[Source records]

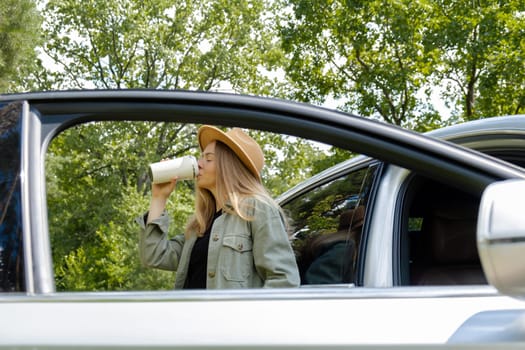 Blonde woman stoped on road next to car and drink coffee or tea from reusable mug. Refuse reuse recycle zero waste concept. Young tourist explore local travel making candid real moments. Responsible traveling reduce carbon footprint sustainable lifestyle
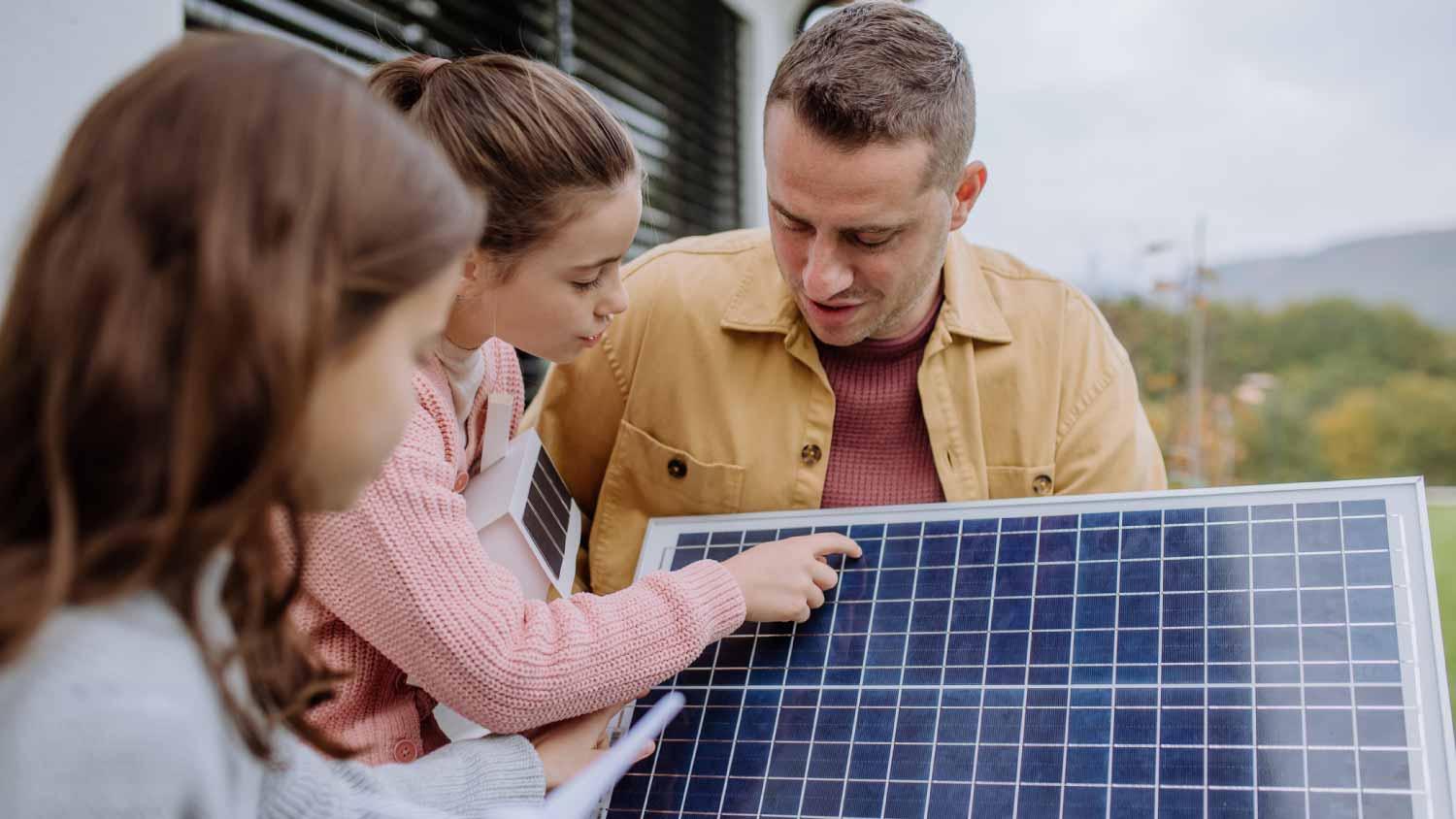 Girl holding model of house with solar panels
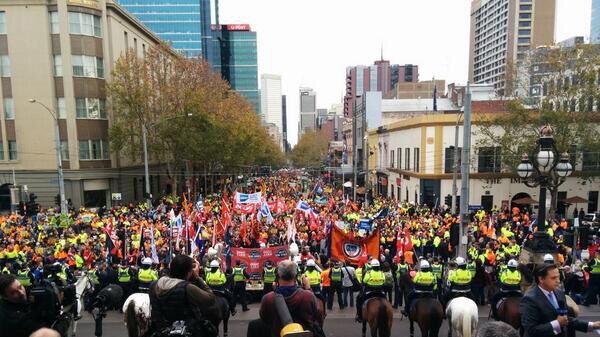 Thousands gather opposite a line of mounted police at state parliament.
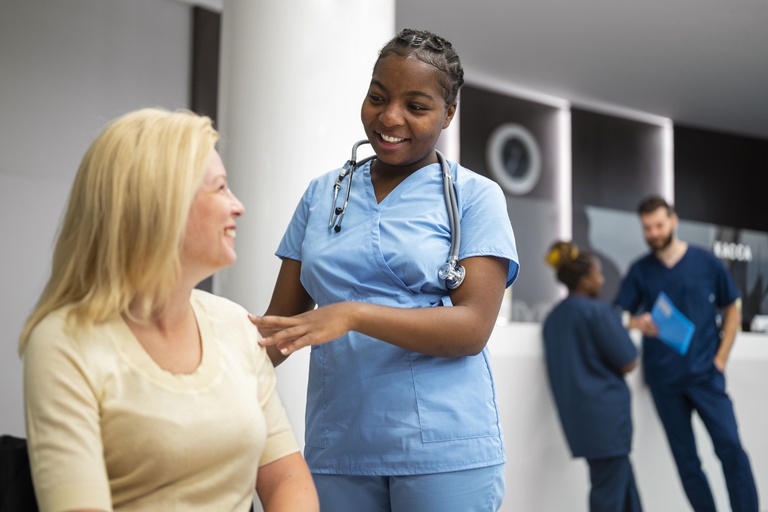 medium-shot-nurse-talking-patient(1).jpg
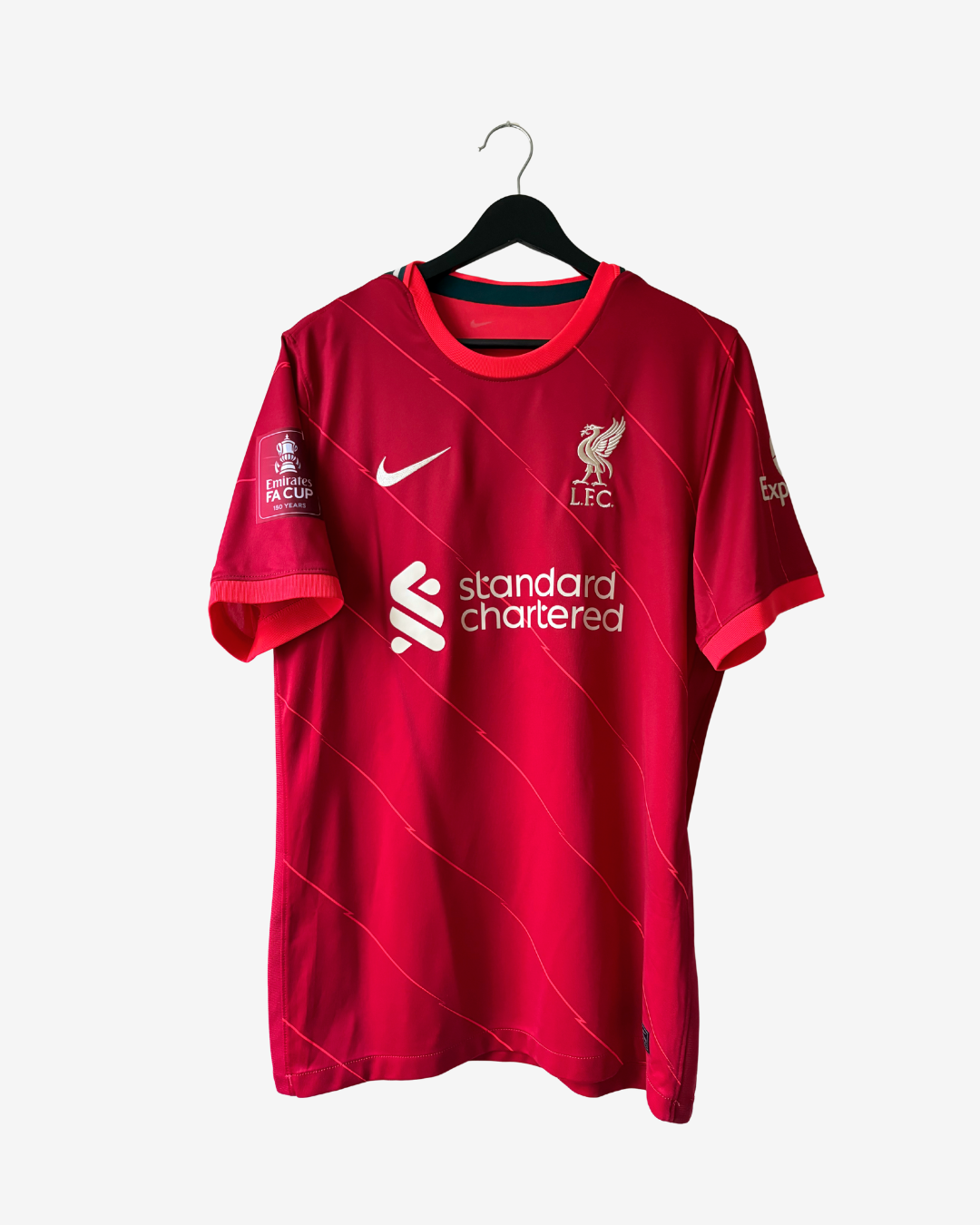 A red Liverpool FC short-sleeve soccer jersey hanging on a black hanger against a light gray background. The jersey features the white Nike swoosh, the Liverpool FC crest, the Standard Chartered sponsor logo, and a Premier League patch on the sleeve.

Problem to solve »
Give all entries again verbatim, without any images.

Solved exercise »
 Blonde woman stoped on road next to car and drink coffee or tea from reusable mug. Refuse reuse recycle zero waste concept. Young tourist explore local travel making candid real moments. Responsible traveling reduce carbon footprint sustainable lifestyle
 Girl holding model of house with solar panels
 Thousands gather opposite a line of mounted police at state parliament.
 medium-shot-nurse-talking-patient(1).jpg
 A red Liverpool FC short-sleeve soccer jersey hanging on a black hanger against a light gray background. The jersey features the white Nike swoosh, the Liverpool FC crest, the Standard Chartered sponsor logo, and a Premier League patch on the sleeve.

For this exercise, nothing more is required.